[[ MATERIAL FOR THIS TASK, beginning ]]

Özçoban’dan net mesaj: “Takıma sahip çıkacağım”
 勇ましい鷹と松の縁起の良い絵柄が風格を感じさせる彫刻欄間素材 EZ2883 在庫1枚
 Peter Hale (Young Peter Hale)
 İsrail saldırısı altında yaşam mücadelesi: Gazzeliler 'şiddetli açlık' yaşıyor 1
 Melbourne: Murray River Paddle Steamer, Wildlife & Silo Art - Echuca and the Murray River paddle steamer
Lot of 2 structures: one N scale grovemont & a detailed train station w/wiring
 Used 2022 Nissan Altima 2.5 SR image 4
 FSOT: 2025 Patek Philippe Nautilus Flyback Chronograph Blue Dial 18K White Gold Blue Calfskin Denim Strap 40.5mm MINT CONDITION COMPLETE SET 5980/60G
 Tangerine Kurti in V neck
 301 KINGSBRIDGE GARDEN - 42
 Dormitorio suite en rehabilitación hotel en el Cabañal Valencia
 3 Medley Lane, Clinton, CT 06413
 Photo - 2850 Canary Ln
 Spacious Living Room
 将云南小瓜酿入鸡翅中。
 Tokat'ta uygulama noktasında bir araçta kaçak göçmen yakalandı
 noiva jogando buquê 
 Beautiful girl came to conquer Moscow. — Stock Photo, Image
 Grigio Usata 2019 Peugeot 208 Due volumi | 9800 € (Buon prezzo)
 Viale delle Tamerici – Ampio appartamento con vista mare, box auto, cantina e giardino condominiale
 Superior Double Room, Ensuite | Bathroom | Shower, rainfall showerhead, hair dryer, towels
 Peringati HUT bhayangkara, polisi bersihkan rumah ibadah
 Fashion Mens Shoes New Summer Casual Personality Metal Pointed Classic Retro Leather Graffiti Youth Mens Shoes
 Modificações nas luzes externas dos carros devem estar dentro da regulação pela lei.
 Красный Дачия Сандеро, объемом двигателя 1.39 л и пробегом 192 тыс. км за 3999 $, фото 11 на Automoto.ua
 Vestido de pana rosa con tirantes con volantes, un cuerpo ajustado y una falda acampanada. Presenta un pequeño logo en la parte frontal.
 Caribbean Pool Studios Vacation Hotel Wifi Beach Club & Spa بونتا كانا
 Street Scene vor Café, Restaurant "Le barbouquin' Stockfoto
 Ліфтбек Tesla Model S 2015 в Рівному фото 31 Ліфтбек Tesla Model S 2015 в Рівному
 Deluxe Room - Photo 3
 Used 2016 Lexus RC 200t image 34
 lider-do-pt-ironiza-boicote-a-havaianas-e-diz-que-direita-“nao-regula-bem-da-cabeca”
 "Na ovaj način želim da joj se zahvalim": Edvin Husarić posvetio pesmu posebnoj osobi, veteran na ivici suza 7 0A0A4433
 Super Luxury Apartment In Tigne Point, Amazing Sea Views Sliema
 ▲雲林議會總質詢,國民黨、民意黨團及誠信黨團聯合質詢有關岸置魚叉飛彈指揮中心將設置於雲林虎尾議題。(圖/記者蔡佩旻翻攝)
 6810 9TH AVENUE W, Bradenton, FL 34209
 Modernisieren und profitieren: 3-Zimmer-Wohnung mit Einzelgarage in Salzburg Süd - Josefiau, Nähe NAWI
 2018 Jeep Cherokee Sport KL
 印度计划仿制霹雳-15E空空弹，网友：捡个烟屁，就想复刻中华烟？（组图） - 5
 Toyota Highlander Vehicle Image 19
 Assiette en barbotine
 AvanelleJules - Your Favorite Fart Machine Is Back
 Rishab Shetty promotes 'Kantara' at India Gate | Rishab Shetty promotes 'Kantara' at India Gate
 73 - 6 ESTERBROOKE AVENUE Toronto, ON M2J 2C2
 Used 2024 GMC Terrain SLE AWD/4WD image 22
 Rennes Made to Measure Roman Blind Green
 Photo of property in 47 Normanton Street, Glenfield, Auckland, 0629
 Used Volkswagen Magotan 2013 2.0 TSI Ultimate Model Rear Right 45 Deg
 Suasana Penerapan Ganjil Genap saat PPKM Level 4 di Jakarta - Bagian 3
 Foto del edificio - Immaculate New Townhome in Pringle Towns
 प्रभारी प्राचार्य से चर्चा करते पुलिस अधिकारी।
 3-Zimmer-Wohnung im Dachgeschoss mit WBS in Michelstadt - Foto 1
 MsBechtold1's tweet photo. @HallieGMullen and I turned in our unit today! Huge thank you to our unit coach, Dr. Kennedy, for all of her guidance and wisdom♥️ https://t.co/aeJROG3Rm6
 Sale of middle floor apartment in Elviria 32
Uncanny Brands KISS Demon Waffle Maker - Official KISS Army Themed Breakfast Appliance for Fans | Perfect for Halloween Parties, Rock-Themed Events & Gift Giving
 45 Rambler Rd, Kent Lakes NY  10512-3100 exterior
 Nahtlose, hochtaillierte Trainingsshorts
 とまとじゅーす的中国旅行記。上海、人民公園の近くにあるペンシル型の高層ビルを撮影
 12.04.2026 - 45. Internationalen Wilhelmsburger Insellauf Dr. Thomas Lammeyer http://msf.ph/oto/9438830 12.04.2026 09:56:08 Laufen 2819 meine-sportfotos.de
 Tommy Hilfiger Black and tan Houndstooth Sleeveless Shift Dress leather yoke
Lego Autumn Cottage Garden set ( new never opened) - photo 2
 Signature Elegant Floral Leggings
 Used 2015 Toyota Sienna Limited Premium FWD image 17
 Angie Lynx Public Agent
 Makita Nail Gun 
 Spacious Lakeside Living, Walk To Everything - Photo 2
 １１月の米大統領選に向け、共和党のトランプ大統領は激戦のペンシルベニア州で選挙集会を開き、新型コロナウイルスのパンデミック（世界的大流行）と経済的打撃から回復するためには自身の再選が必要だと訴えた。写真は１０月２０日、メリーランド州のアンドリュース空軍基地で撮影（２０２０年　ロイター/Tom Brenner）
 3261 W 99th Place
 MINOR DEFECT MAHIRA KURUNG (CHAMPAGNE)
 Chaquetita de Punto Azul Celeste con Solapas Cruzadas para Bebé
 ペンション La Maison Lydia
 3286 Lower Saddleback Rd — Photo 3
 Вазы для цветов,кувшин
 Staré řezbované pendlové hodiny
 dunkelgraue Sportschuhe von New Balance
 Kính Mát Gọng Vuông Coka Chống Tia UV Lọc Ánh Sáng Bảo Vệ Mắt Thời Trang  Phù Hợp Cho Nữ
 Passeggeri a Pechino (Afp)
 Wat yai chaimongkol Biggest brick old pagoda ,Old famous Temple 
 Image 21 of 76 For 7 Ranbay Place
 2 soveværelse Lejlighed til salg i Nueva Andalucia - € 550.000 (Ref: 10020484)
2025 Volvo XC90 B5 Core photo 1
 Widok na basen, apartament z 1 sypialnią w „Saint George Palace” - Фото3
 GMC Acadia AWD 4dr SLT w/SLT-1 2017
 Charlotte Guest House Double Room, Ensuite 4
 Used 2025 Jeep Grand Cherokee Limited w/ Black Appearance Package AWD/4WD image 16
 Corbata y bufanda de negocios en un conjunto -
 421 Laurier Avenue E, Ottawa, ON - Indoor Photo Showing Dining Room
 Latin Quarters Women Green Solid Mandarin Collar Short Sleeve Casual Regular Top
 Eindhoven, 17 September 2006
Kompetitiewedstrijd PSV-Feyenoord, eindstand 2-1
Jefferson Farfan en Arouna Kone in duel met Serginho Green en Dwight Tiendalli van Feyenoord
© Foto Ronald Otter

[[ MATERIAL FOR THIS TASK, end ]]

Give the count of lines in the listing that hold the word "Ensuite", with no other text.

2